I was also a little stunned at the cosplayers in all black, who looked like military dudes from Call of Duty or Halo. They stalked around the Dallas Convention Center "shooting" each other with realistic looking guns, which was unsettling if only because the presence of guns in a large crowd usually means that the shit is about to hit the fan. Then I saw the "weapons check," where each toy gun and sword is given a tag to make sure that everyone is staying safe.

Mario, Luigi and other unidentifiable Nintendo characters danced to "Thriller" in the lobby while a crowd of anime characters, superheroes and horror movie villains watched. The entire experience of Comic Con as someone who doesn't like anything enough for true fandom is surreal, especially when you see how much everyone cares about their geeky pursuits. It would be easy to make the jokes about being surrounded by virgins and neck-beards, but the people at Comic Con helped me have a good time, even though I had privately decided that the whole thing was going to be terrible.

Being in that kind of come-as-you-dork environment is enough for even my cold, black heart to get excited about a few things. I was pissed when I realized that only a few of the booths in the entire convention had any T-shirts or memorabilia from the BBC show Sherlock. I stalked a couple of different booths to find the best price on tiny little Game of Thrones figurines that I couldn't live without. For a few hours on Sunday, I became a nerd.
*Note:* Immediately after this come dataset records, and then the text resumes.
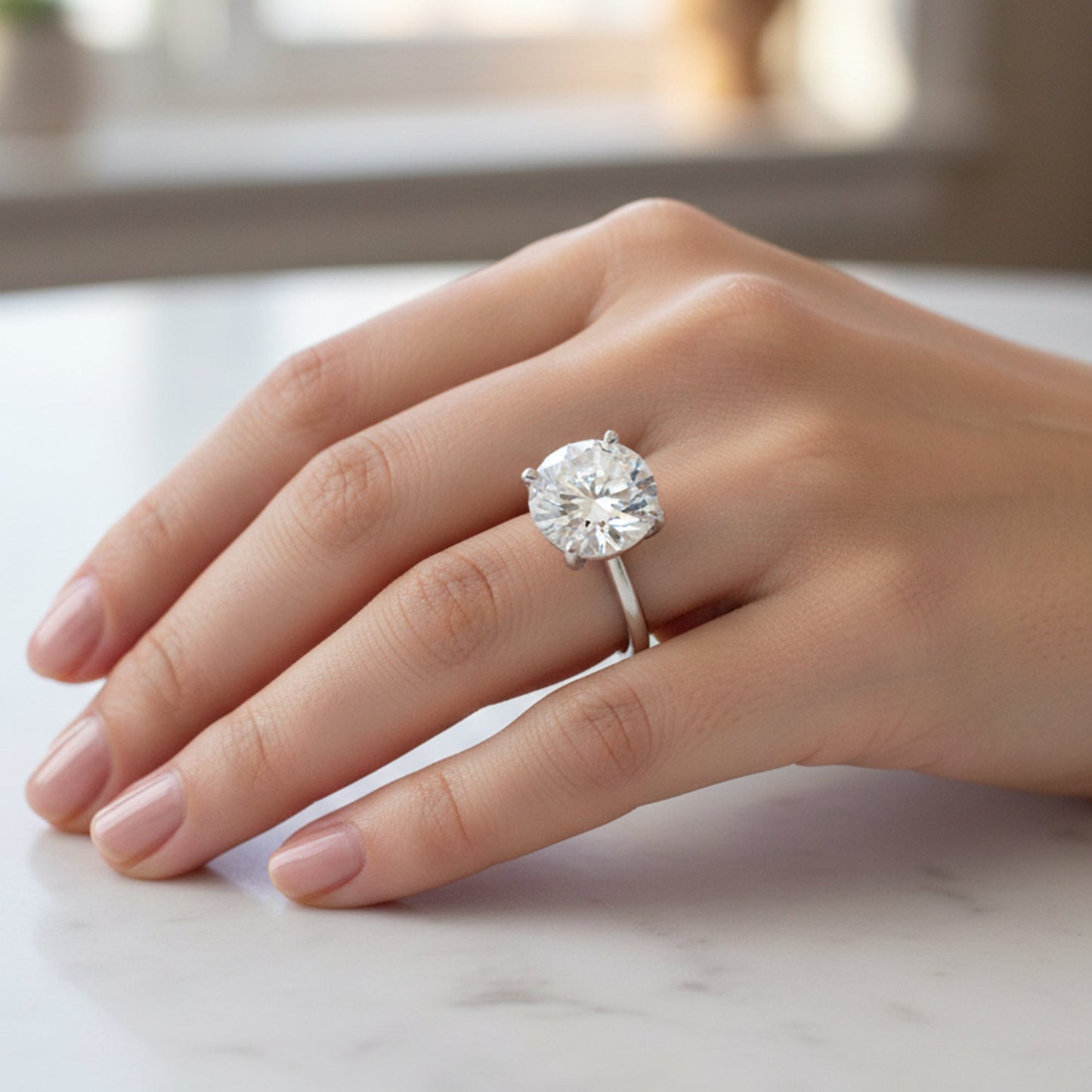 4.0ct DEW White Moissanite Round Solitaire Ring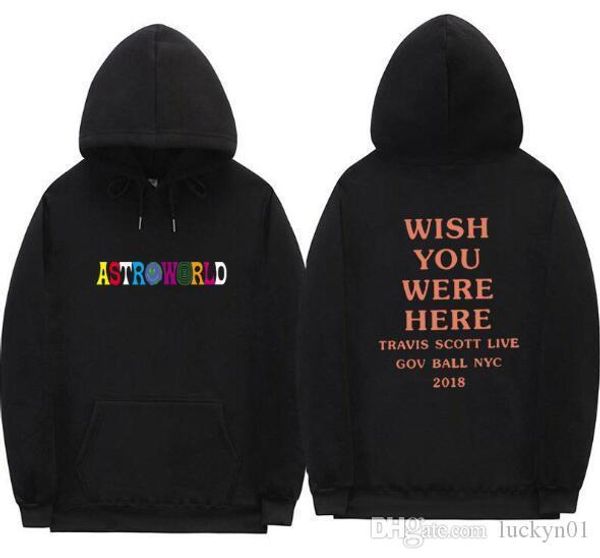 

rapper travis scott astroworld designer hip hop hoodies casual hooded sweatshirts male printed high street pullover, Black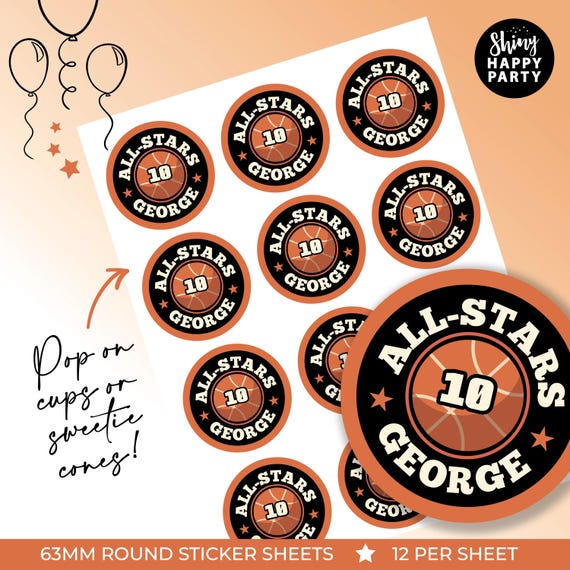 Personalised Basketball Birthday Party Bag Box Stickers - Sports Labels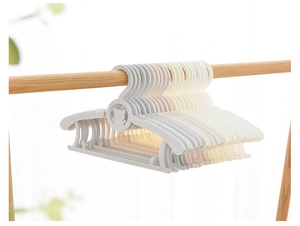 Detail of adjustable plastic baby clothes hangers with cute bear design in assorted colors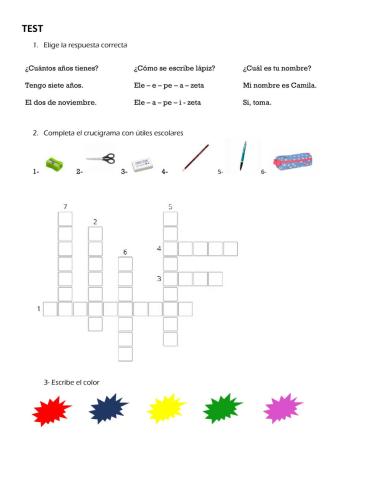 Test COLORES, NÚMEROS, LA CASA, ÚTILES, etc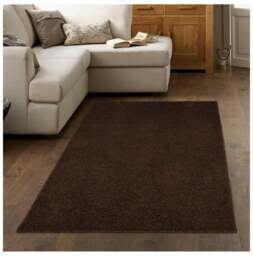 Rackhams Fiji Chocolate Brown Washable Solid Shaggy Rug - 100X150 cm - thumbnail 4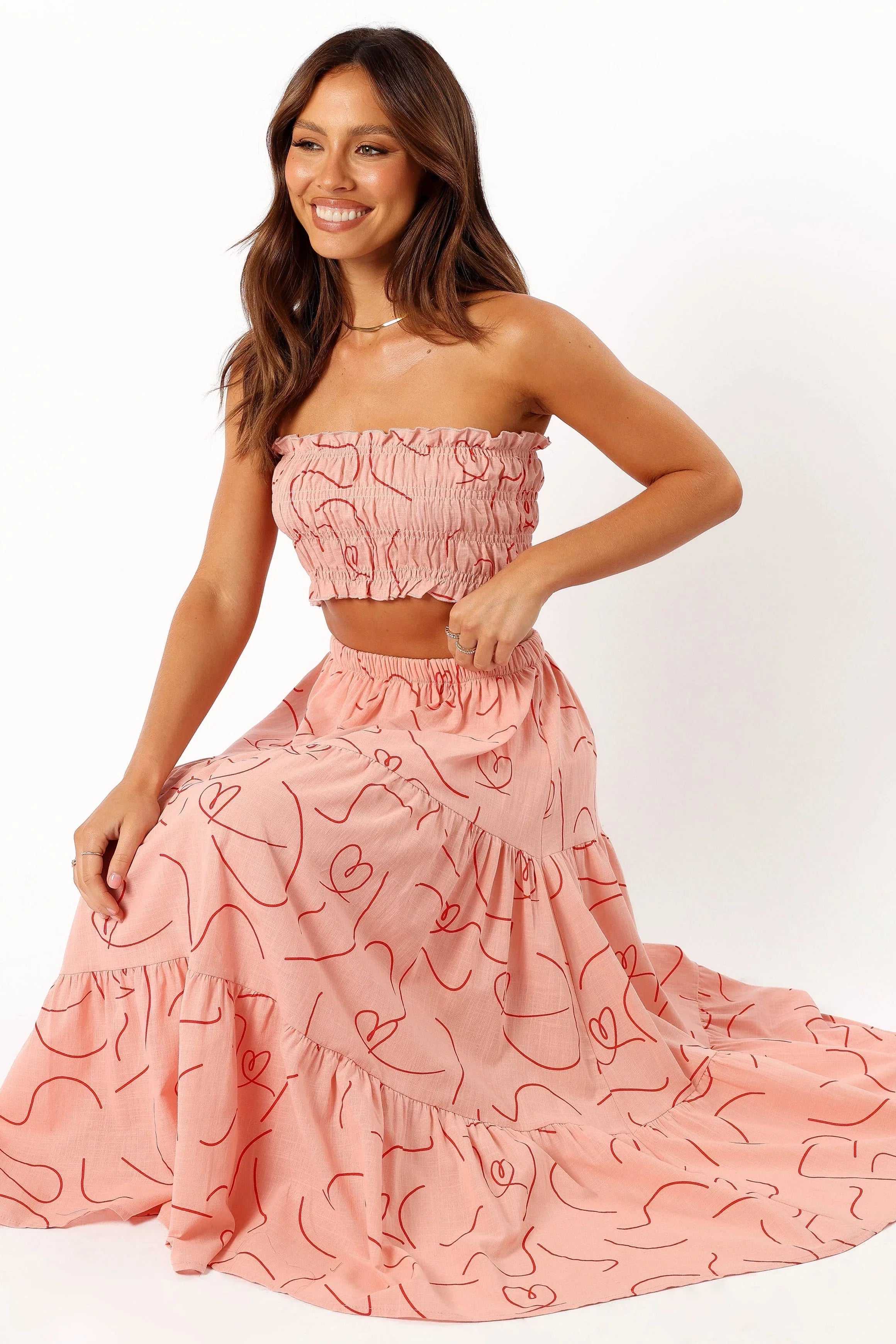 Francesca Two Piece Set Pink Swirl
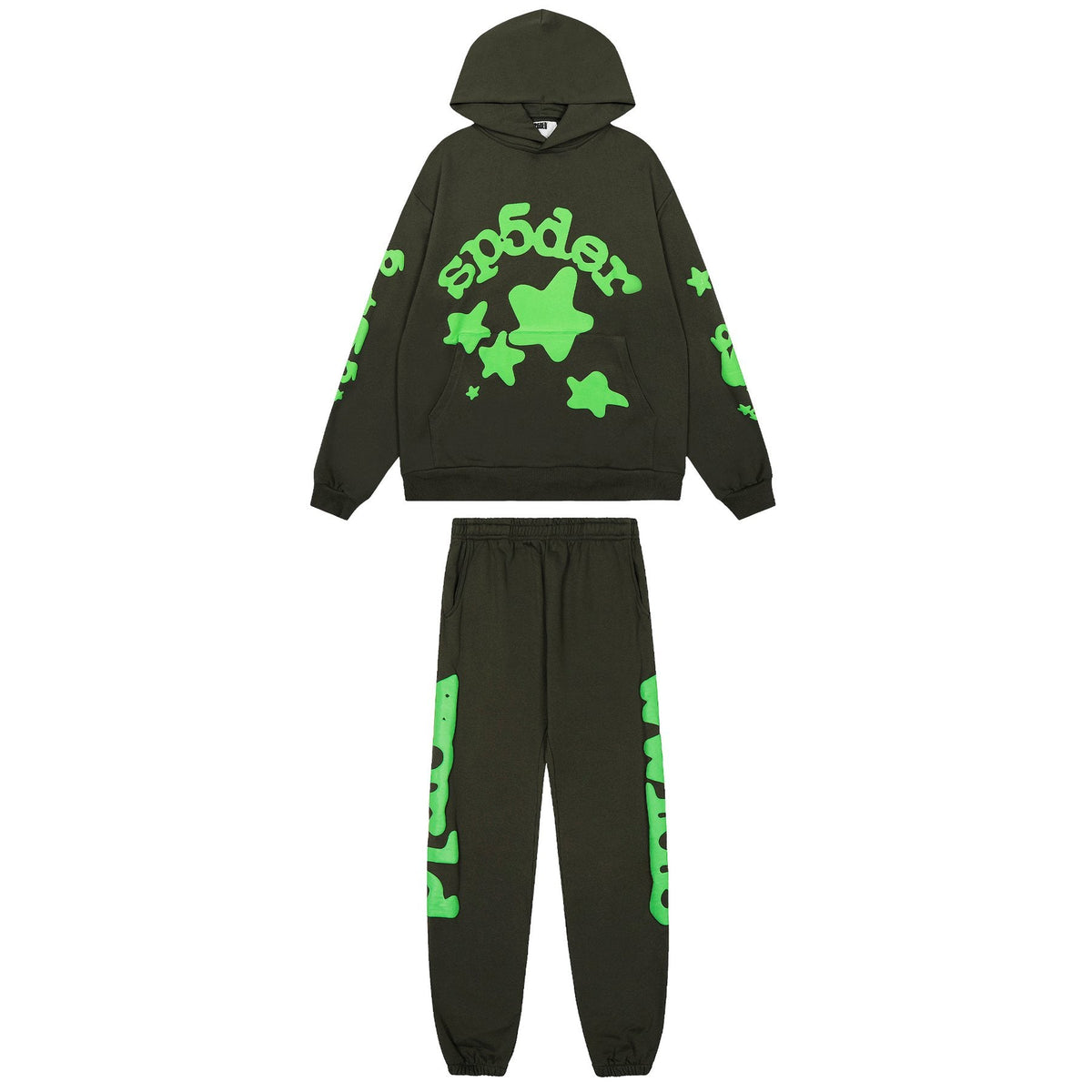 Sp5der Graphic Hoodie & Jogger Matching Set — front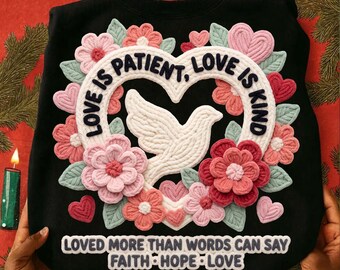 Hilo El amor es paciente PNG / Amor como Jesús Versículo bíblico Corazón de San Valentín / Descarga digital ORIGINAL del Día de San Valentín cristiano de moda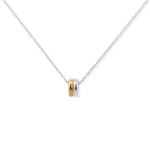 Sleek and modern necklace with mixed metal in 925 silver and gold.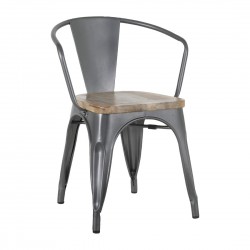 Bolero Bistro Curve armstoelen met houten zitting, donkergrijs (set van 4 stuks)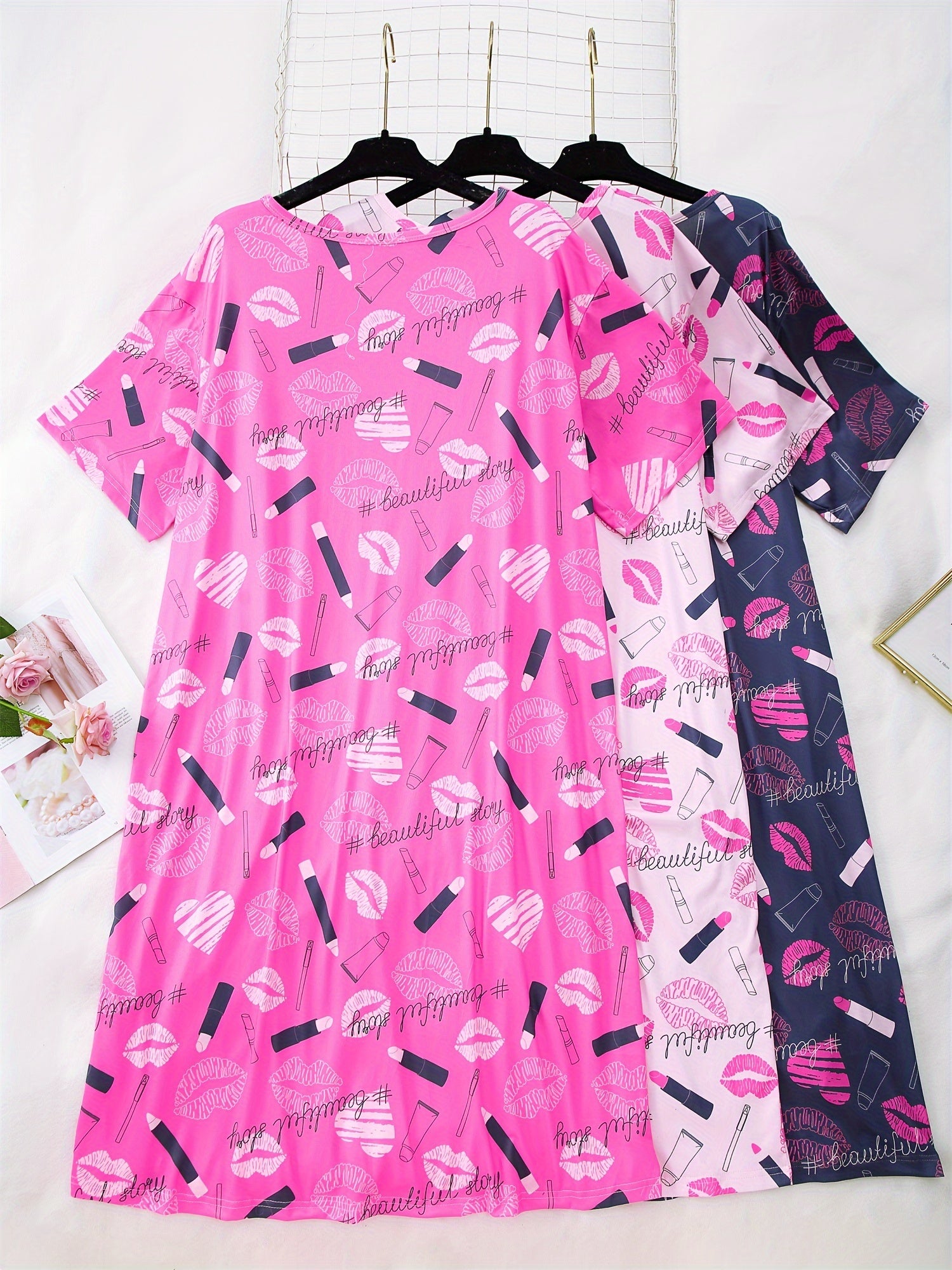Women's Plus Size Knit Lip Print Sleep Dresses 3-Pack Short Sleeve Loungewear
It wasn't all sunshine and rainbows at Dallas Comic Con, though. People who are mesmerized by shiny new dork gear and katanas don't always look where they're going, and a permanent deodorant booth wouldn't be a bad idea for Comic Cons. And none of that hippie crystal deodorant shit, either. Some of y'all need Speed Stick, extra strength, because poly-blend Boba Fett costumes don't breathe.

As I trekked back to my car all the way out in remote parking, though, I was three Game of Thrones figurines and two digitally-rendered prints closer to being an actual, real life nerd. I won't be dressing up as Doctor Who or watching any of their boring sci-fi movies, but I gained a brand new respect for dedicated nerds everywhere this past Sunday at Dallas Comic Con.